Page MenuHomePhabricator

Replace db2044 with db2063
Closed, DeclinedPublic

Description

db2044 is currently m2 codfw master, this host has a broken disk and has had many disks failures in the past. It will be decommissioned.
Let's replace it with db2063.

Event Timeline

Restricted Application added a subscriber: Aklapper. · View Herald TranscriptWed, Aug 14, 7:02 AM
Marostegui triaged this task as Normal priority.Wed, Aug 14, 7:03 AM
Marostegui moved this task from Triage to In progress on the DBA board.

Change 530034 had a related patch set uploaded (by Marostegui; owner: Marostegui):
[operations/mediawiki-config@master] db-codfw,db-eqiad.php: Remove db2063 from config

https://gerrit.wikimedia.org/r/530034

Change 530034 merged by jenkins-bot:
[operations/mediawiki-config@master] db-codfw,db-eqiad.php: Remove db2063 from config

https://gerrit.wikimedia.org/r/530034

Mentioned in SAL (#wikimedia-operations) [2019-08-14T07:08:03Z] <marostegui@deploy1001> Synchronized wmf-config/db-eqiad.php: Remove db2063 from config T230459 (duration: 00m 48s)

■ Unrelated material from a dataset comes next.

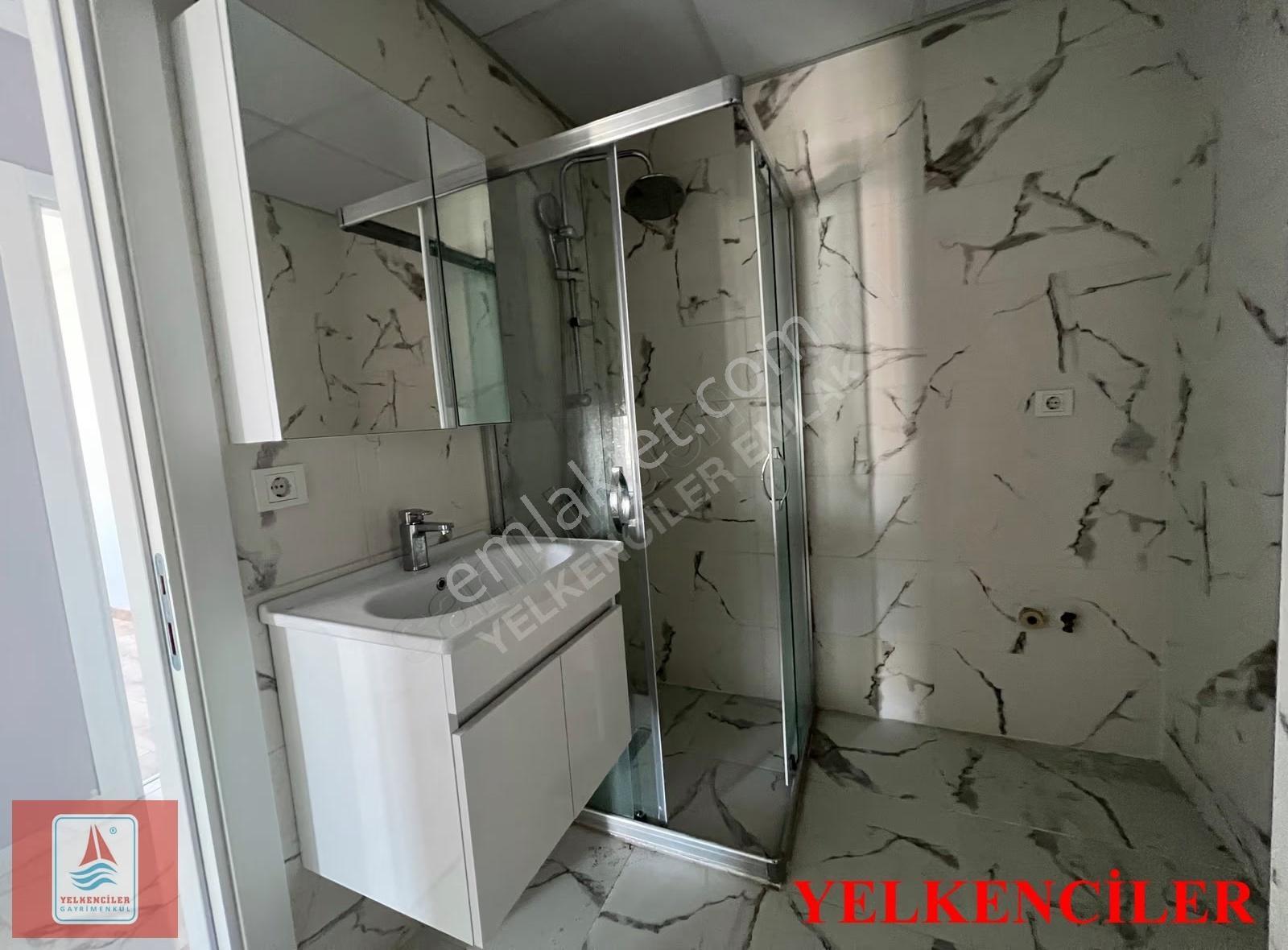 Küçükçekmece'de Göl Manzaralı, 7. Kat Kiralık 3+1 Daire - Görsel 18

Mentioned in SAL (#wikimedia-operations) [2019-08-14T07:09:05Z] <marostegui@deploy1001> Synchronized wmf-config/db-codfw.php: Remove db2063 from config T230459 (duration: 00m 47s)

Change 530035 had a related patch set uploaded (by Marostegui; owner: Marostegui):
[operations/puppet@production] mariadb: Move db2063 from s2 to m2

https://gerrit.wikimedia.org/r/530035

Change 530035 merged by Marostegui:
[operations/puppet@production] mariadb: Move db2063 from s2 to m2

https://gerrit.wikimedia.org/r/530035

Script wmf-auto-reimage was launched by marostegui on cumin1001.eqiad.wmnet for hosts:

['db2063.codfw.wmnet']

The log can be found in /var/log/wmf-auto-reimage/201908140717_marostegui_75740.log.

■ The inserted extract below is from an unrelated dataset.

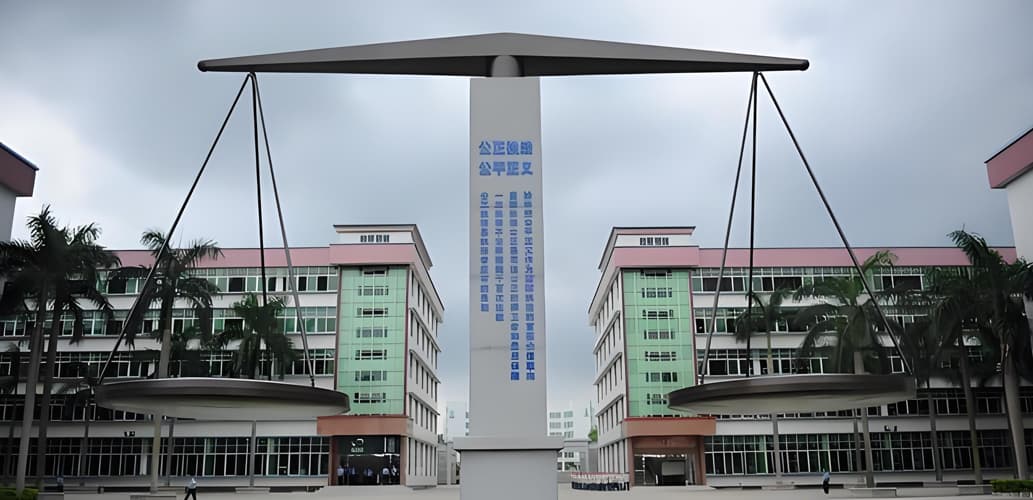 阳江监狱国产化智慧图书阅览室启用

Completed auto-reimage of hosts:

['db2063.codfw.wmnet']

Of which those FAILED:

['db2063.codfw.wmnet']
Marostegui added a subscriber: Papaul.EditedWed, Aug 14, 8:49 AM

I have been trying to PXE boot this host but it has been impossible.
Even though I have manually set the PXE from the ipmitool locally it is still not working:

root@db2063:~# ipmitool  chassis bootparam get 5
Boot parameter version: 1
Boot parameter 5 is valid/unlocked
Boot parameter data: 0004000000
 Boot Flags :
   - Boot Flag Invalid
   - Options apply to only next boot
   - BIOS PC Compatible (legacy) boot
   - Boot Device Selector : Force PXE
   - Console Redirection control : System Default
   - BIOS verbosity : Console redirection occurs per BIOS configuration setting (default)
   - BIOS Mux Control Override : BIOS uses recommended setting of the mux at the end of POST

After a reboot it keeps booting from disk despite of the above options.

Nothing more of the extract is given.